Ingredients in order of useSlow Cooker or heavy duty casserole. Skillet, mesh sieve.
- 3 slices of thick cut applewood smoked bacon cut into 1" pieces
- 1/2 llb parsnips peeled and cut into small dice - about 1/4 inch
- 2 medium sweet onions cut into small dice
- 1 cup flour in either a large bowl or plastic bag, seasoned with sea salt and coarsely cracked black pepper
- 3 lbs boneless chuck cut into 2" chunks
- 1 TBS sweet smoked Spanish paprika
- 1 bottle red wine (I used a Beringer Merlot $4.89)
- 1/2 lb baby carrots
- 2 Cups diced butternut squash (bought it already cut)
- 2 lbs Yukon Gold Potatoes peeled and quartered
- 2 yams (about 1/2 llb.) peeled and cut into chunks
- Butter, additional sea salt and pepper for the mash.
- A handful of Italian parsley, off the stem
- 1 scallion
- 2 cloves garlic
- zest of an orange
- Place the bacon in the skillet on medium heat and fry slowly letting it release fat. meanwhile prep the parsnips and add them to the skillet. As the parsnips cook, prep the onion and add it to the mix. Continue cooking on low heat, stirring occasionally. The parsnips will take on a lovely golden color and brown little on the edges. You do NOT want the onion to brown. This stage will take about 20 minutes total cooking time.

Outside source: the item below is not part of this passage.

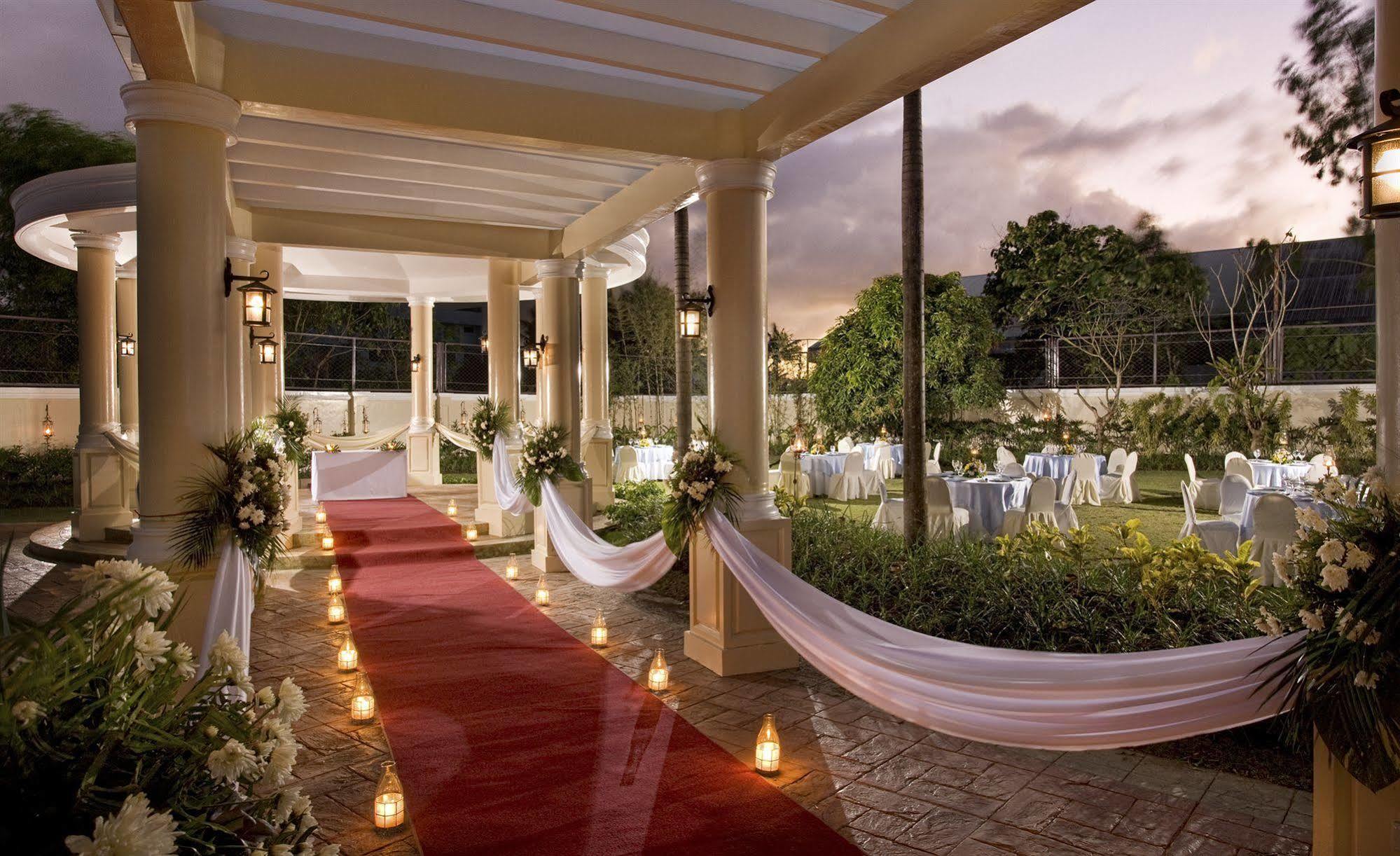 Hotel Venezia Legazpi Luaran gambar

- As the base ingredients cook, dredge the meat in the seasoned flour, shaking off excess and put the seasoned, floured meat in the slow cooker. You are NOT going to brown the meat.
- Once the parsnips have taken on color, add the paprika to the skillet, mix thoroughly, turn up the heat until the entire mix is deep red in color and you can smell the paprika cooking.
- Add 1/2 cup of wine to the skillet and let it absorb into the mix.
- Scrape the parsnip, bacon, onion mix into the slow cooker with the meat. Return the skillet to the stove top, pour in about a cup of wine and swirl to gather up any remaining vegetables. Pour into the slow cooker. Add the rest of the wine. Cook on high for 1 hour. Turn to low and set the timer for 6 hours. Alternately, cook on low for 8 hours. *
- 5 hours into cooking, or one hour before serving, add the carrots to the slow cooker.
- 30 minutes before serving add the butternut squash to the slow cooker.
- Meanwhile prep, cook and mash the potato yam mix.
- Use a zester or sharp knife to pare thin zest strips from the orange - you don't want any white pith.
- Coarsely chop the scallion.
- Peel garlic
- Pull leaves from parsley.
- Pulse all of the above in a mini processor or chop by hand to a fine mince. Do NOT over pulse. You want to identify leaves and zest.
*If using an oven and casserole. Cook at 325 for an hour and then turn down to 300 for 4 hours.